- TASK -
Only the pictures are to be dropped, and the rest of the data should be copied exactly.

- SOURCE DATA -

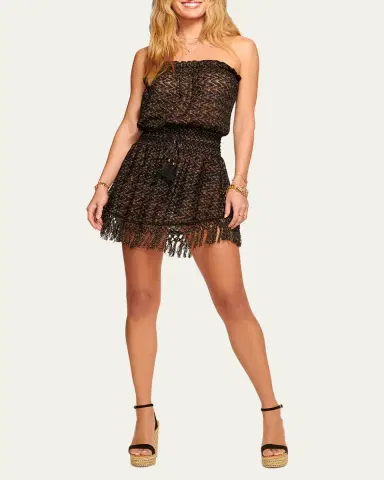 Ramy Brook Lauryn Strapless Crochet Mini Dress | Thumbnail 2 Ramy Brook Lauryn Strapless Crochet Mini Dress | Thumbnail 2
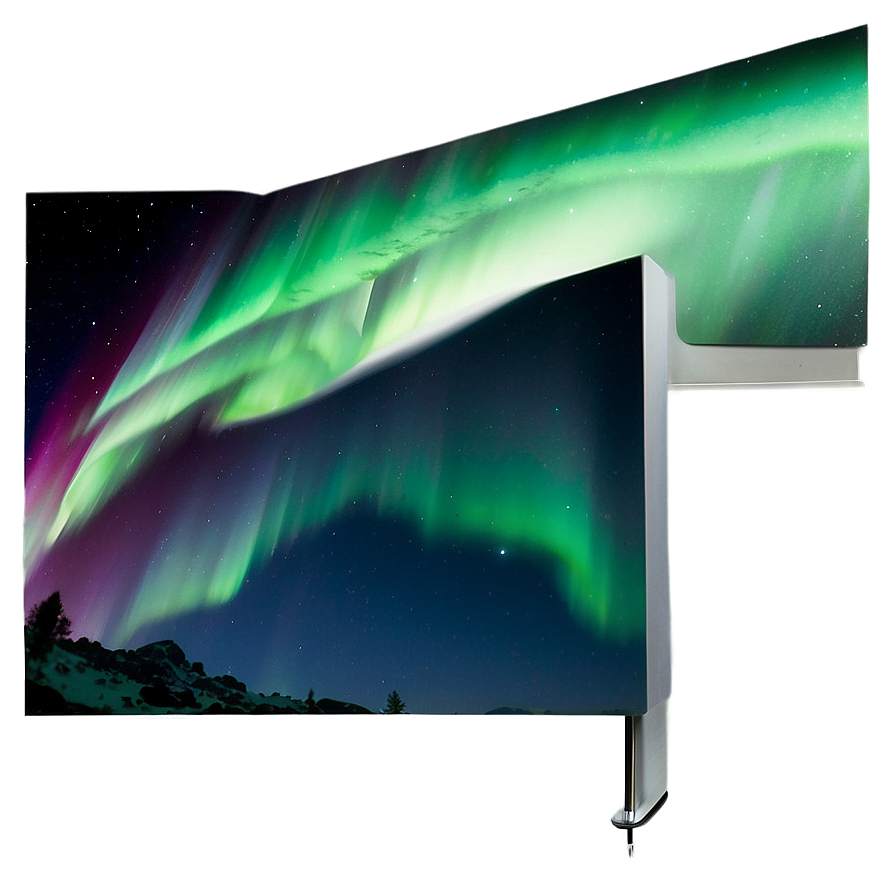 Aurora Borealis C PNG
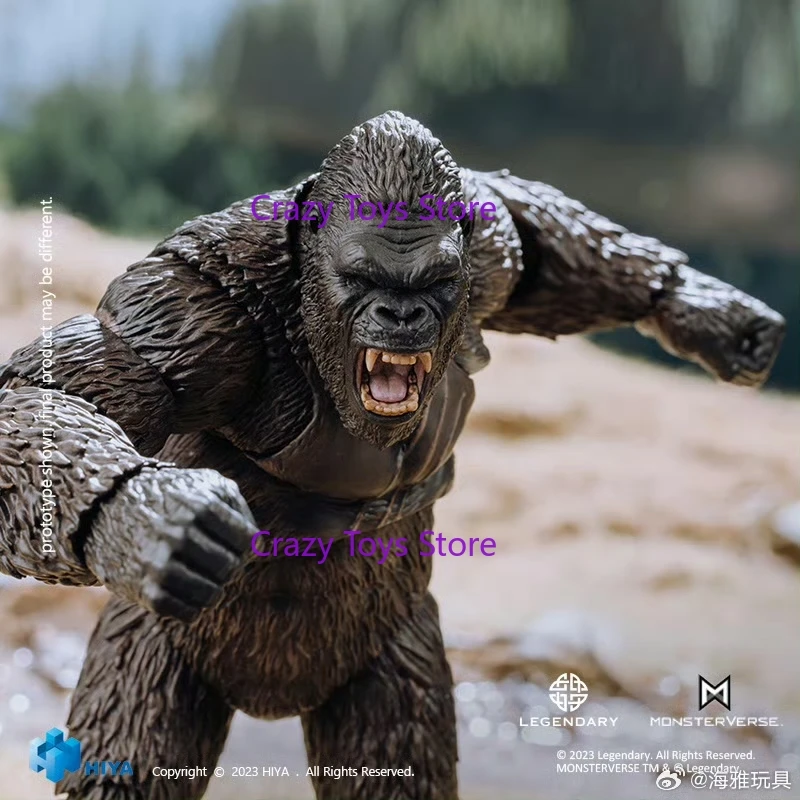 Op voorraad HIYA 6-inch actiefiguur Exquisite Basic Series King Kong Skull Island King Kong Replica Animatie ToyCollection Gift.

- SOLUTION -
 Ramy Brook Lauryn Strapless Crochet Mini Dress | Thumbnail 2 Ramy Brook Lauryn Strapless Crochet Mini Dress | Thumbnail 2
 Aurora Borealis C PNG
 Op voorraad HIYA 6-inch actiefiguur Exquisite Basic Series King Kong Skull Island King Kong Replica Animatie ToyCollection Gift.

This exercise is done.